The argument about when or whether China will overtake the United States to become the world's biggest economy is moribund. China is already the most “central” trader in the global economy, and its ability to influence events in dozens of nations far exceeds that of any other country, according to the International Monetary Fund.
This means the world could catch a nasty cold if China's growth falters, or if it fails to efficiently manage its economic expansion and a myriad of fiscal and other structural problems it faces in the near future. The IMF made the observation in its Spillover Report on China issued today. The name says it all: The Spillover Report examines the potential effects of disruptions in any of the five major trading regions (US, the Euro area, China, Japan, and the United Kingdom) on global economic activities.
Obviously, China is now positioned at a junction where its actions could significantly hurt trading partners. And yet, the overall effect of China's integration into the world economy has so far been positive. The world still stands to benefit from China's continued role. However, the Chinese government must carefully chart a path forward for the country; otherwise, its economic evolution and many of the changes being considered now will jeopardize the fiscal health of its trading partners. The IMF outlined these challenges as well as opportunities in the Spillover Report. Here are some highlights culled from the report:
- China ascendant:
- More than the world's manufacturing Mecca:
- Can China keep up this fast growth pace?
- Currency risks:
- Commodity hog and price inflator:
- Asset buying binge ahead?
China is now the first or second largest trading partner of 78 countries with 55 percent of global GDP (versus just 13 countries with 15 percent of global GDP in 2000). From a network perspective, China is now the world’s most “central” trader, with the most sizable connections to other major traders. This means that China can transmit real shocks widely, whether these originate domestically or elsewhere.
The caricature of China as merely a cog in the global supply chain — wherein imported inputs and exported processed goods respond passively to final demand in the G7– is changing. This means China's capacity to originate shocks has risen. China’s export-oriented growth model has resulted in a large expansion of China’s trade and a rapid move up the value-added chain. This has had significant implications for the global supply chain: China’s reliance on processing trade, while large, is on a declining trend.

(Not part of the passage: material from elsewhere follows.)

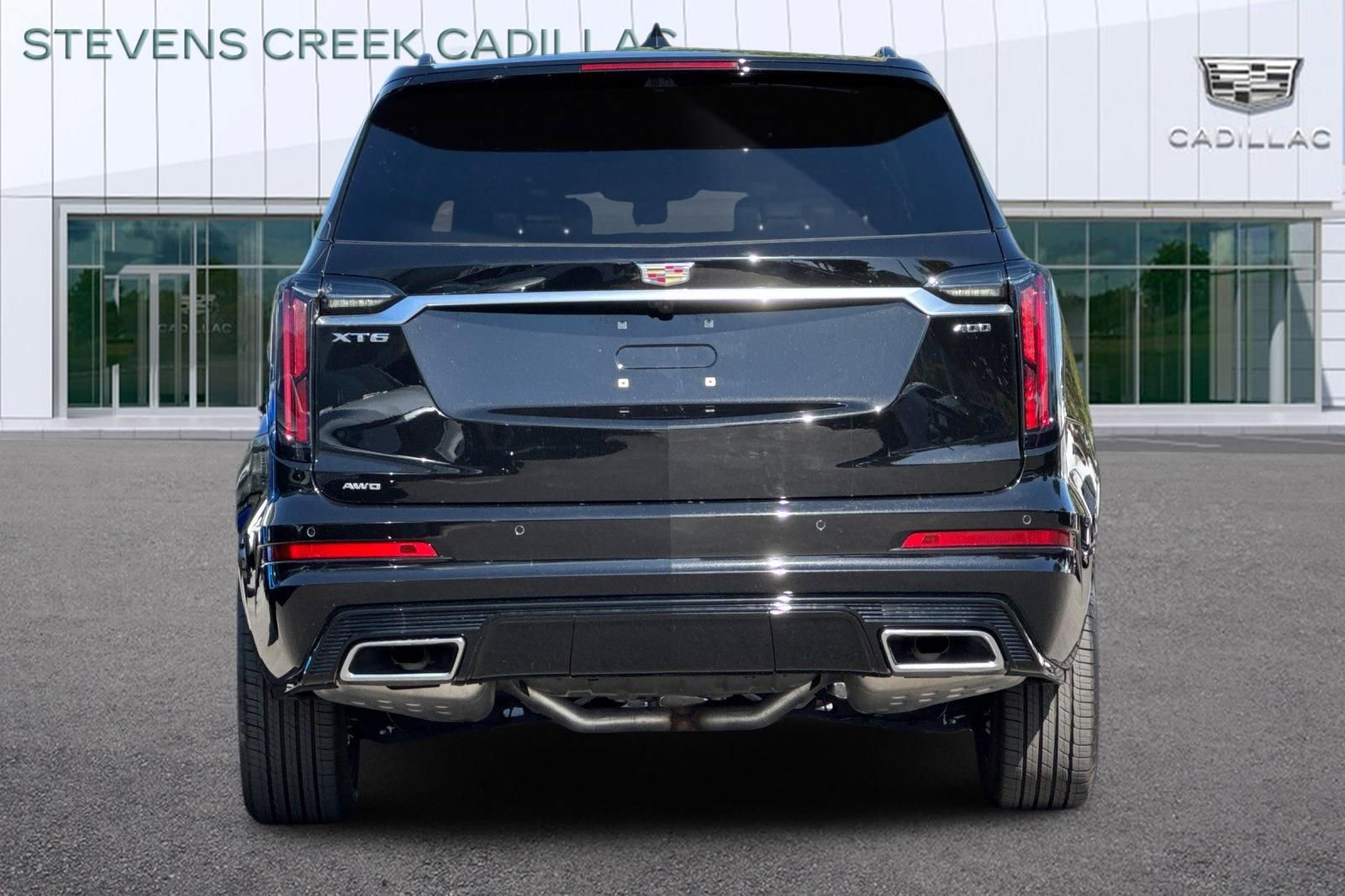 Certified 2025 Cadillac XT6 Sport w/ Technology Package image 4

The sustainability of China’s export-oriented growth model has been questioned — most importantly, in China itself. Indeed, the Chinese authorities recognize the need for economic rebalancing, with greater reliance on consumption, and this is official policy under the 12th Five Year Plan. The key issue for the rest of the world would be its timing, pace and spillover effects.

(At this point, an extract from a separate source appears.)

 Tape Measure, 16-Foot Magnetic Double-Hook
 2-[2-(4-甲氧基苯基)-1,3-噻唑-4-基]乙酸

While many acknowledged that China’s growth had brought benefits, including lower costs and an imperative for firms to raise productivity, some saw an undervalued currency as having displaced employment.

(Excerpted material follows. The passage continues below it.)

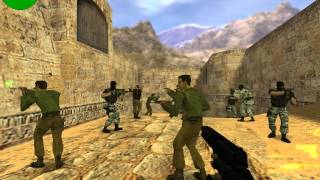 CounterStrike 16 Играем с ботами № 1 [upl. by Amasa]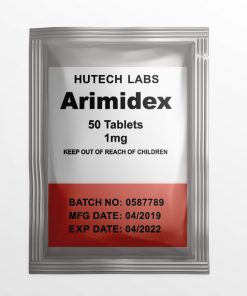 Arimidex-1mg* 50 Tablets - Hutech Labs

Many counterparts cited China’s role in pulling up commodity prices — a plus for commodity exporters but not for the rest. China has become a dominant importer across a range of commodities. In metals, per capita intensity now rivals that in advanced economies, rising from less than 15 percent of the level of advanced economies in 2000 to almost 90 percent in 2009. Thus, the spillover to world commodity prices is now significant.
The channels of China’s influence on global asset prices are complex. On one hand, that influence is greatly constrained by China’s relatively closed capital account. On the other, the sheer size of China’s savings (the highest in the world in dollar terms), its rising foreign currency reserves (also the largest), and the composition of those reserves, should all affect asset prices.
It's easy to review this Spillover Report and regard it simply as another one of those interesting but barely useful economic analyses. That would be a mistake. Even China's government welcomed the review and is reportedly taking its recommendations seriously. Forward-looking high-tech executives should take a closer look and consider this: The potential outcomes of the scenarios discussed are not improbable, and the future in which they could occur is discomfortingly close.